Can two AGR members combine their points to book a roomette?

Or can points be transferred from one member to another to achieve enough points to book a roommette for the both of us?


----------



## the_traveler (Feb 12, 2010)

No, you can't combine points to get a roomette. (Such as if A has 10,000 points and B has 8,000 points, you can't combine them for a 15,000 point award.) *BUT* since AGR awards are one way, if each has enough for an award, each could claim an award each way!  (A has 16,000 points and B has 18,000 points - they could not be combined to get 30,000 points for roomettes both ways. But A could redeem 15,000 points for a roomette from Y to Z, and B could redeem 15,000 points for a roomette from Z to Y!)


----------



## BeckysBarn (Feb 12, 2010)

the_traveler said:


> No, you can't combine points to get a roomette. (Such as if A has 10,000 points and B has 8,000 points, you can't combine them for a 15,000 point award.) *BUT* since AGR awards are one way, if each has enough for an award, each could claim an award each way!  (A has 16,000 points and B has 18,000 points - they could not be combined to get 30,000 points for roomettes both ways.

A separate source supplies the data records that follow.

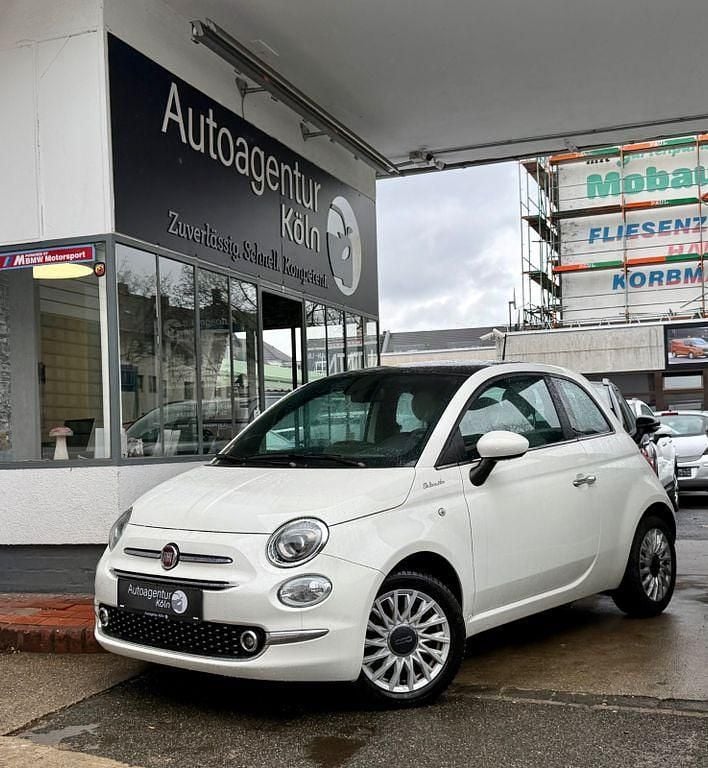 Gebraucht Fiat 500 Dolcevita 69 PS (50 kW) 2022 Weiß Kleinwagen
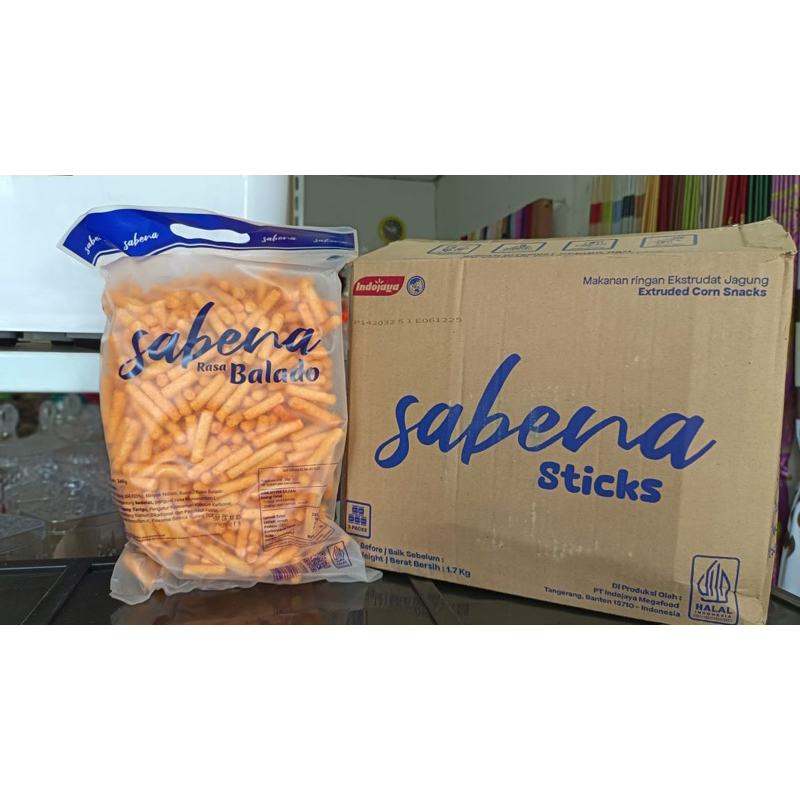 

stik sabena balado 360gr 1dus isi 5 bungkus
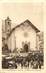 CPA FRANCE 73 "Valloire, sortie de l'église"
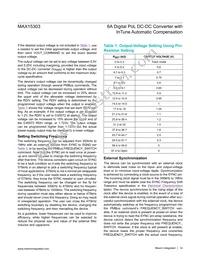 MAX15303AA00+TCM Datasheet Page 14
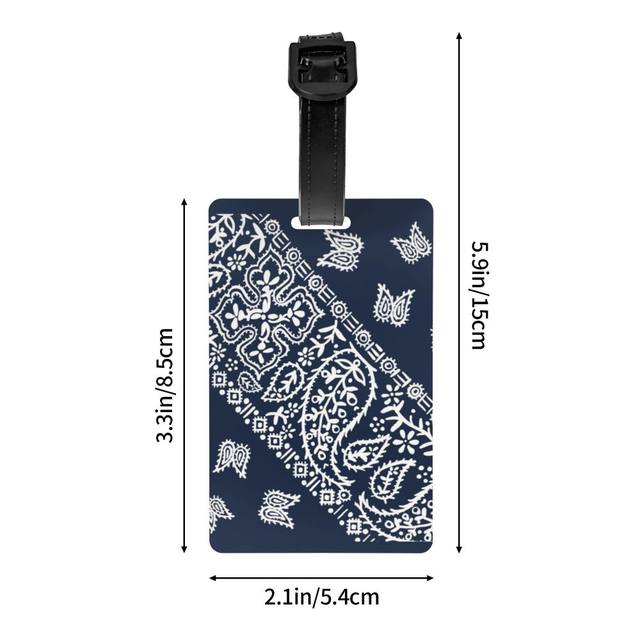 4 Étiquettes De Bagage En Silicone - Accessoire Voyage Animé (Lunettes, Cocotier, Verre, Jus D'Ananas)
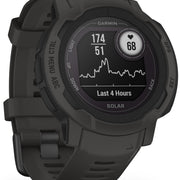 Garmin Instinct 2 Solar GPS Graphite Smartwatch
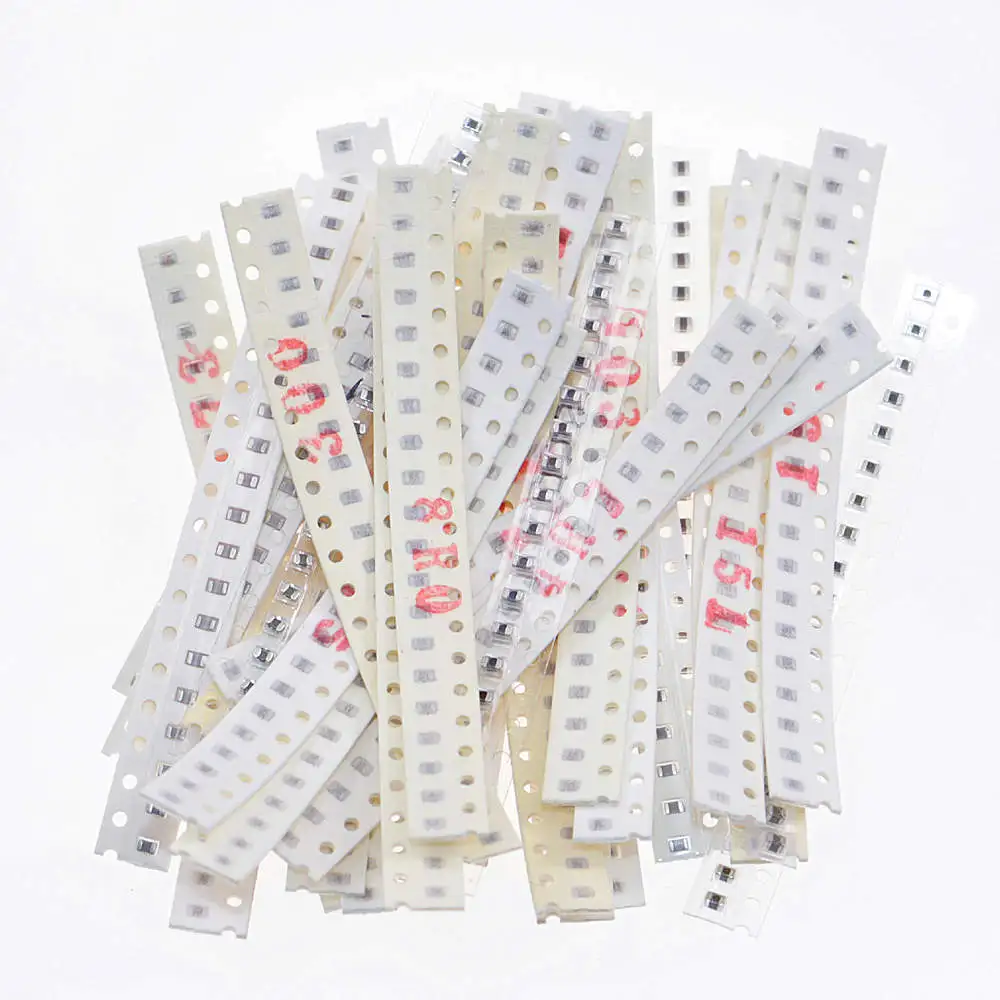 720Pcs/lot 0805 SMD Ceramic Capacitor Assorted Kit 1pF~10uF 36 Values 20 Each Samples Kit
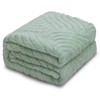 KORBLISS Home Fleece Twin Blanket for Couch, Bed, TV, Party,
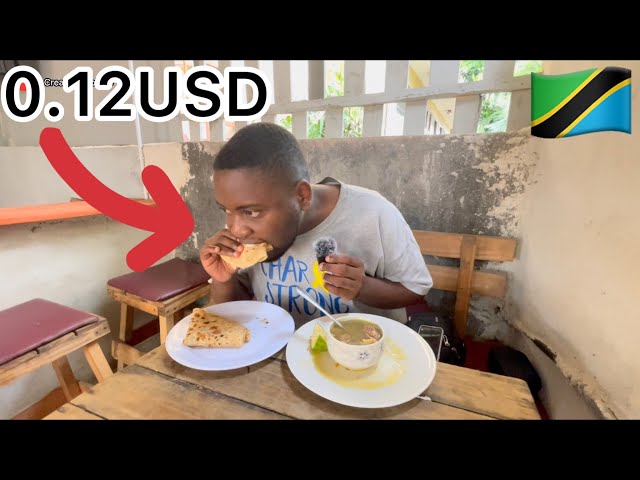 Unbelievable CHEAPEST Village local breakfast in village life Tanzania 🇹🇿 Africa|traditional food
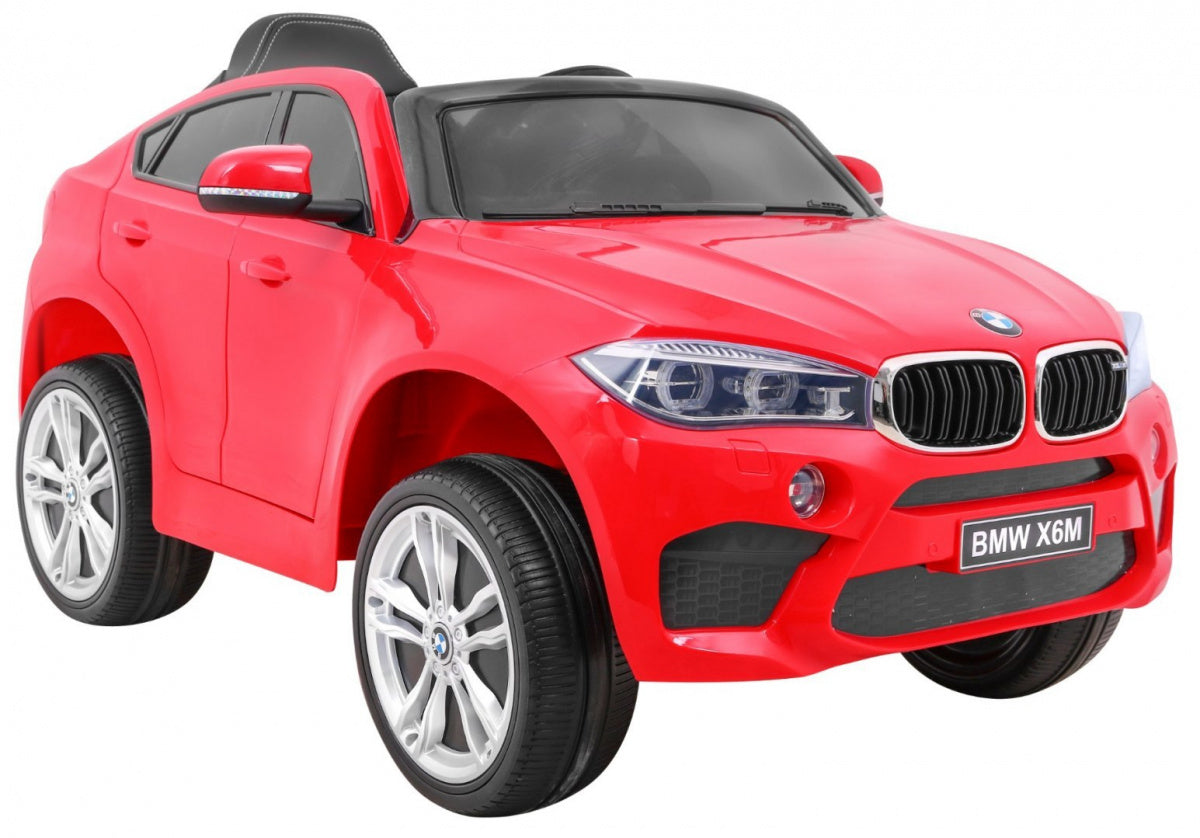 Licencirani auto na akumulator BMW X6M - crveni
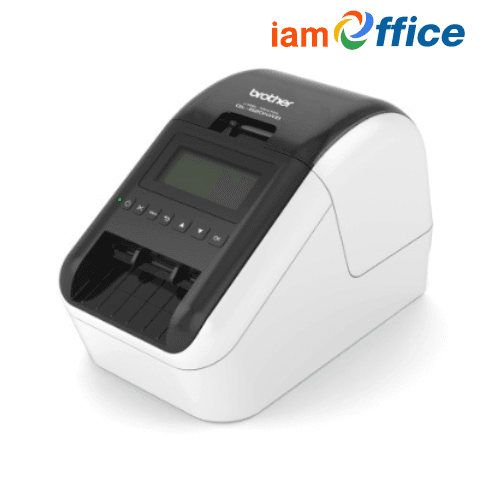 เครื่องพิมพ์ฉลาก ระบบไดเร็ค เทอร์มอล Brother QL-820NWB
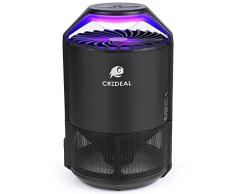 Crzdeal Asesino de Mosquitos Inteligente, UV Lámpara Antimosquitos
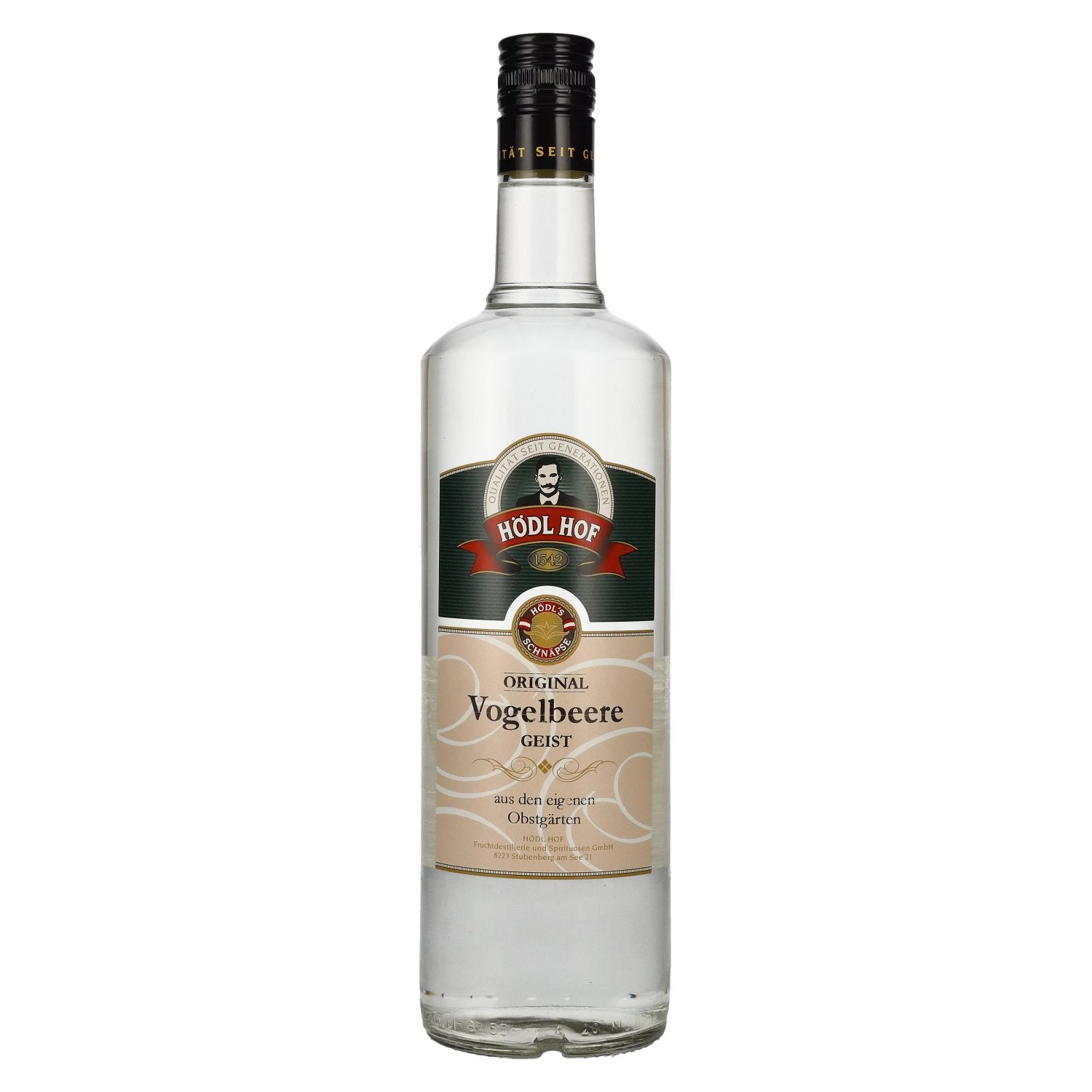 Hödl Hof VOGELBEERE Geist 38% vol. 1l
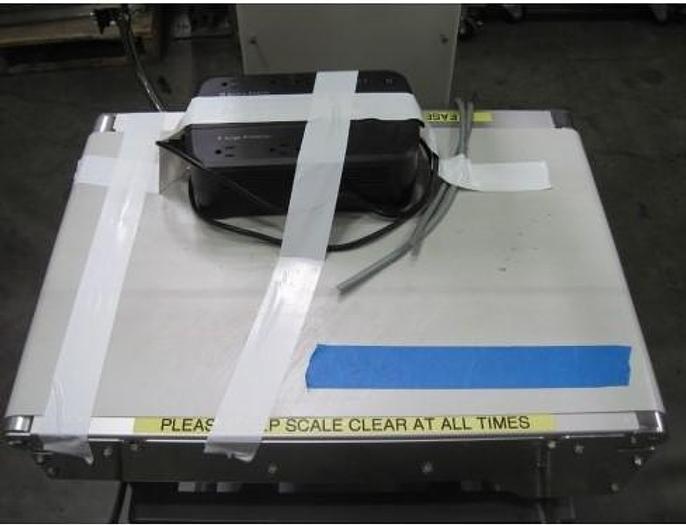 Used Anritsu CheckWeigher & Balance SVF Case Weigher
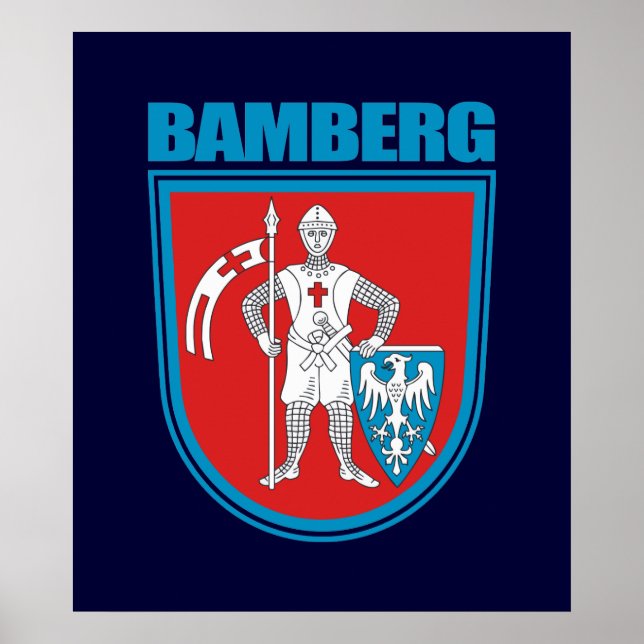 Bamberg Poster (Vorne)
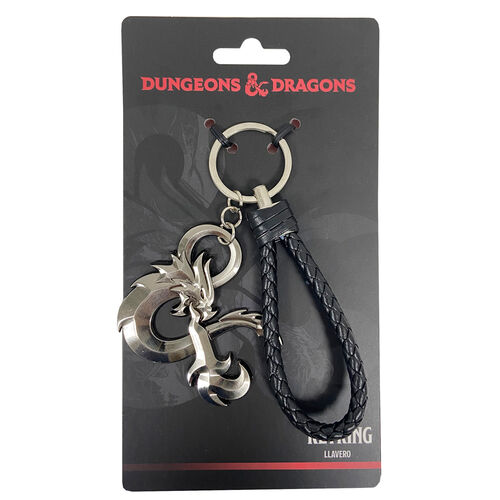 Dungeos & Dragons given keychain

But A could redeem 15,000 points for a roomette from Y to Z, and B could redeem 15,000 points for a roomette from Z to Y!)


You can also each buy up to 10,000 points. In the scenario above, A could buy 5,000 & B could buy 7,000 points to achieve the round trip.


----------



## RRrich (Feb 12, 2010)

That is the type thing that I am attempting to do using Ultimate Rewards, but I need to work with someone else that is in both AGR and Ultimate Rewards.


----------



## sechs (Feb 15, 2010)

RRrich said:


> That is the type thing that I am attempting to do using Ultimate Rewards, but I need to work with someone else that is in both AGR and Ultimate Rewards.


It seems like that might involve the bartering of points or rewards.
The Starwood Preferred Guest program allows free transfer of points between people living in the same household. It's handy for sweeping up otherwise orphan points in significant other's account.


----------